- 43°55′27″N 11°28′48″E﻿ / ﻿43.92417°N 11.48000°E
- Periods: Iron Age to Hellenistic
- Cultures: Etruscan
- Location: Vicchio, Province of Florence, Tuscany, Italy
- Region: Tuscany

Site notes
- Excavation dates: yes
- Archaeologists: P. Gregory Warden
- Condition: ruined
- Website: Mugello Valley Archaeological Project

= Poggio Colla =

Etruscan archaeological site in Tuscany, Italy

Poggio Colla is an Etruscan archaeological site located near the town of Vicchio in Tuscany, Italy.

==History==
The site of Poggio Colla contains well-preserved layers of habitation that are associated with the Etruscan civilization. It is believed that the site was inhabited by the Etruscans as early as the 7th century BCE. However, it was eventually abandoned or destroyed by the late 3rd century BCE. The site experienced a period of violent destruction but was later rebuilt during the Hellenistic period.

==Excavation==
The first excavations at Poggio Colla were directed by Francesco Nicosia from 1968 to 1972. From 1995 to 2012, the site was excavated annually by the Mugello Valley Archaeological Project (MVAP) under the direction of Gregory Warden and Michael Thomas; MVAP is sponsored by Southern Methodist University and the University of Pennsylvania. Excavations have revealed fortification walls, a necropolis area, and the remains of an archaic monumental building (possibly, a temple).

== Research ==
The faunal remains recovered from Poggio Colla primarily contains the remains of cattle, sheep/goat and pig, as well as the remains of dog and wild species. The relative importance of pigs increases over time; this trend is linked to the intensification of meat production and rising urban populations. Similar faunal assemblages have been found in other Etruscan settlements.

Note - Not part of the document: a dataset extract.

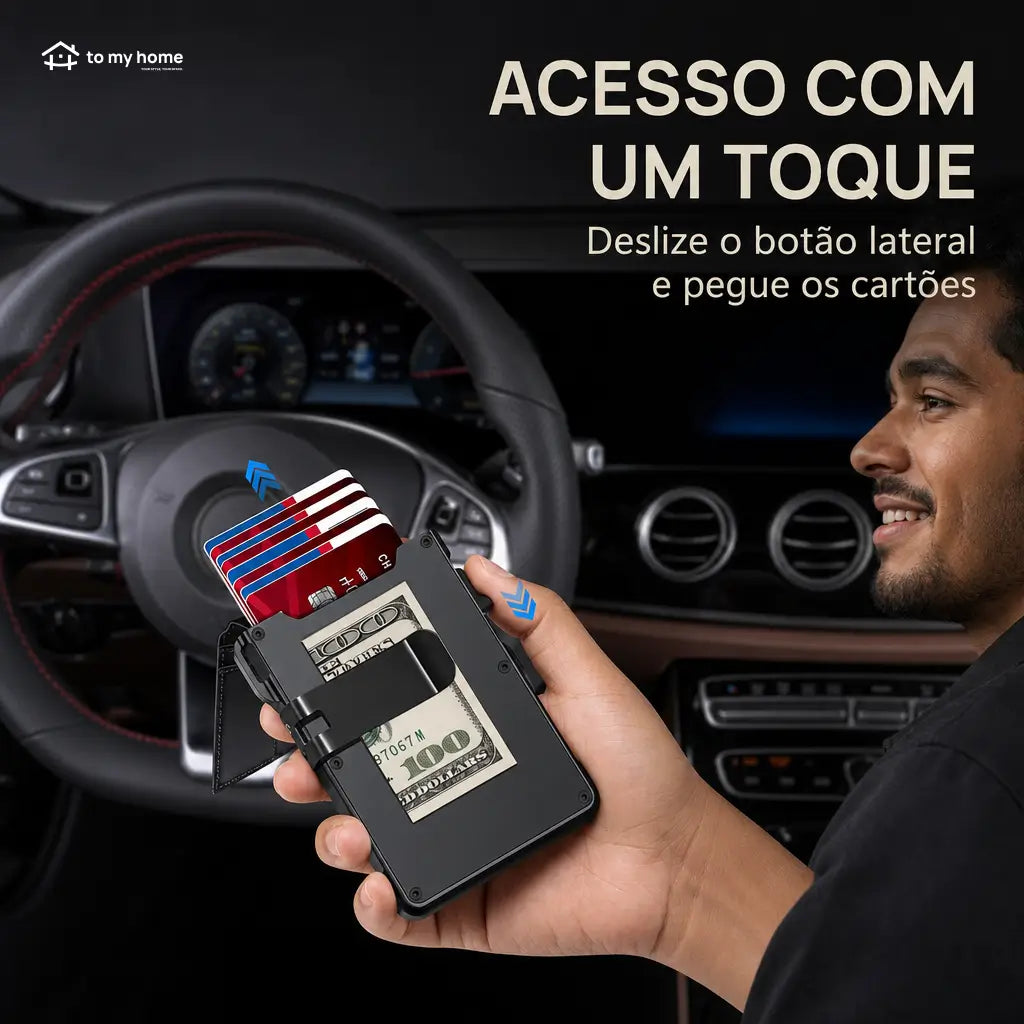 Carteira masculina slim com bloqueio RFID, porta-cartões pop-up e clipe de dinheiro para uso diário no bolso com janela para documento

A black-glaze olpe filled with one hundred Roman silver victoriati was discovered in 2001 in the west end of the Poggio Colla acropolis. The significance of the finding is that it is found in the context of a sanctuary and it was buried after the sanctuary was destroyed in the late 3rd century BCE.

The use of a rounded molding on the base of monumental tombs, temples, and altars is the characteristic of Etruscan architecture; and it was consistent between the 6th and the 2nd century BCE in different Etruscan cities. A large number of such moldings were discovered in Poggio Colla; the large single or double round fits into the known pattern of Etruscan architecture.

A large number of roof tiles of the monumental structure on the Poggio Colla acropolis and workshop/farmhouse of Podere Funghi have been discovered during ongoing excavation. A geochemical study has been done in an attempt to characterize the composition of ceramics, tiles and the local sediments discovered at the site of Poggio Colla. Using methods like X-ray, petrography, thermogravimetric analysis, macroscopic observations, it is found that typical pottery sherds and tile fragments constituent of abundant quartz, feldspar, minor amount of mica, lithic, and grog. The compositions of tiles and pottery of Poggio Colla and Podere Funghi are similar, but the rock and sediment specimens were different; which supports the hypothesis that diverse ceramic industry co-existed in close proximity to Poggio Colla acropolis.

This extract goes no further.